La séquence dommageable de la rentrée a été gommée par la semaine d'itinérance mémorielle, jugée plutôt réussie. Pourtant, Emmanuel Macron a bien de quoi nourrir quelques inquiétudes.
AFP

Emmanuel Macron face aux gilets jaunes : le risque de débordements

Difficile pour l’instant de mesurer en cote de popularité les effets de l’itinérance mémorielle d’Emmanuel Macron, mais de l’avis général les commémorations du centenaire de l’armistice ce week-end ont été jugée réussies.

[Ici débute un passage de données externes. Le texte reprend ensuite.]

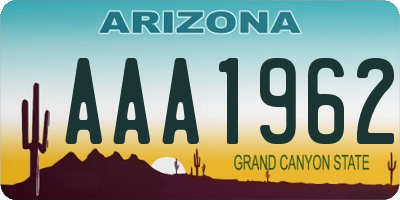 AZ license plate AAA1962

Si la séquence mitigé de cet été et de la rentrée semble loin derrière, le président de la République fait face à de nouveaux fronts, à commencer par la grogne sociale qui monte.

Gilets Jaune, pourquoi ça inquiète ? Si l’exécutif a su surmonter sans trop de dommages les mouvements sociaux liés à la réforme du travail ou de la SNCF, la grogne spontanée des gilets jaunes du 17 novembre ne présente pas exactement le même visage. Parmi les éléments qui suscitent interrogations et premières inquiétudes côté politique, l’absence de corps identifié. Les syndicats se sont désolidarisés de ce mouvement capable de rassembler aussi bien des Insoumis, des Républicains, des partisans de Marine Le Pen...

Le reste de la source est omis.